The authors explain that the critical spatial scale implied by performance regarding the synthesised images is broadly consistent with Freeman and Simoncelli, (2011) V2-like texture pooling model of peripheral visual performance. Given the higher spatial resolution performance implied by performance with the real-world images, and most strikingly, the scene-like images, a convincing argument is mounted that performance in these conditions must be based on either additional information, or at least finer grained information, not available in the FS synthesised images.
These results contribute to the burgeoning literature demonstrating that the deleterious effects of visual clutter can – under certain image-based circumstances – be much smaller than is predicted by Bouma-like pooling. As the authors note, "It is the image content, not retinal eccentricity, that is the primary determinant of the visibility of at least some summary statistic distortions."
This begs the question of 'what types of image content enable the relative high spatial resolution shown here and elsewhere?'. The authors cite some studies relevant to this issue (Saarela et al., 2009; Manassi et al., 2013; Vickery et al., 2009; Herzog et al., 2015), and suggest that "early global segmentation processes influence local perceptual sensitivity" and that "global scene organisation needs to be considered if one wants to capture appearance-yet current models that texturise local regions do not explicitly include perceptual organisation (Herzog et al., 2015)."
Whilst I agree that global processes may well contribute to the higher spatial resolution observed in this study in response to the real-world images, this overlooks the recent finding by Van der Burg, Olivers and Cass (2017) showing that local geometric interactions can profoundly improve peripheral performance (i.e. to break crowding) in densely cluttered heterogenous displays. Specifically, they find that the presence of local T-junction-like orthogonal structure reduces the effects of deleterious pooling to almost zero. I would suggest that these or similar high-order local interactions may be at play here. That result and the possibility that local interactions might play a role here should at least be proposed. Given the (somewhat vaguely defined) criteria used by the authors to categorise the real-world images as either texture-like or scene-like, I wonder what specific information the authors believe the visual system might use extract peripheral real world image content.
https://doi.org/10.7554/eLife.42512.030Author response
Essential revisions:
The failure of FS images to metameric to regular scenes could be a function of many things: The specific size of the pooling regions as a function of eccentricity, the statistics that are measured inside pooling regions, or the contribution of mechanisms for perceptual organization that are not explicitly modeled in the FS approach. The demonstration that metamerism breaks down is important, but the current study does not allow us to clearly distinguish between these various alternatives.
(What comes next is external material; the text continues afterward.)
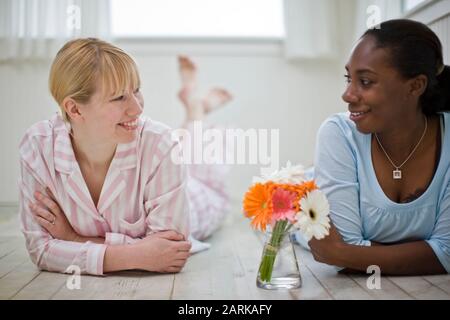 Le donne che giace sul piano di casa in pigiama Foto Stock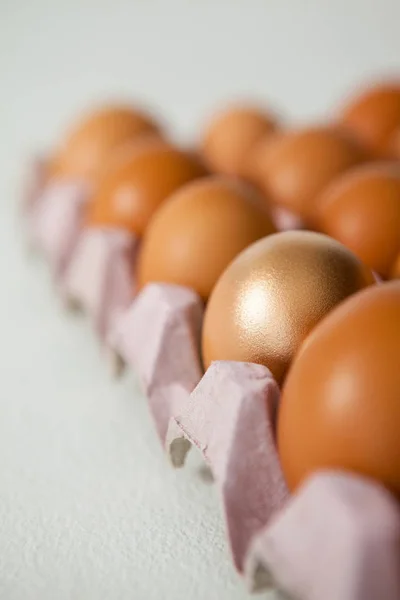 Ovos de Páscoa em caixa na superfície branca — Fotografia de Stock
Please consider discussing these various accounts of the data in more depth, especially with regard to how we might differentiate between these explanations.
It is correct that our results as presented do not distinguish between possible causes for the failure to match scene appearance of either texture pooling model tested here. We have reworded and expanded our Discussion section to more clearly delineate alternative accounts. Our results do not rule out that some configuration of statistics, pooling or optimisation may exist that succeeds in matching appearance. In fact, we do not see how to falsify this possibility, beyond pointing out that a model using fixed pooling and fixed texture features will not be the most parsimonious description for image content (Discussion section).
To discuss how different explanations might be differentiated, we suggest that future experiments could seek to disrupt or reduce the activity of mechanisms of perceptual organisation using image manipulations such as polarity inversion or image two-toning (subsection “Summary statistics, performance and phenomenology”).
The authors note, "It is the image content, not retinal eccentricity, that is the primary determinant of the visibility of at least some summary statistic distortions." The reviewers agree that global processes may well contribute to the higher spatial resolution observed in this study in response to the real-world images. Exactly what these might be is not specified, nor is the possibility that local interactions may also be at play. Two papers (Robol, Casco and Dakin, 2012; and Van der Burg, Cass and Olivers, 2017) showing that local orthogonal structure is capable of driving perceptual segmentation speak to this. One of the reviewers wonders whether such local interactions might at least partially explain performance differences between the different classes of stimuli (real vs. synthetic; texture-like vs. scene-like)?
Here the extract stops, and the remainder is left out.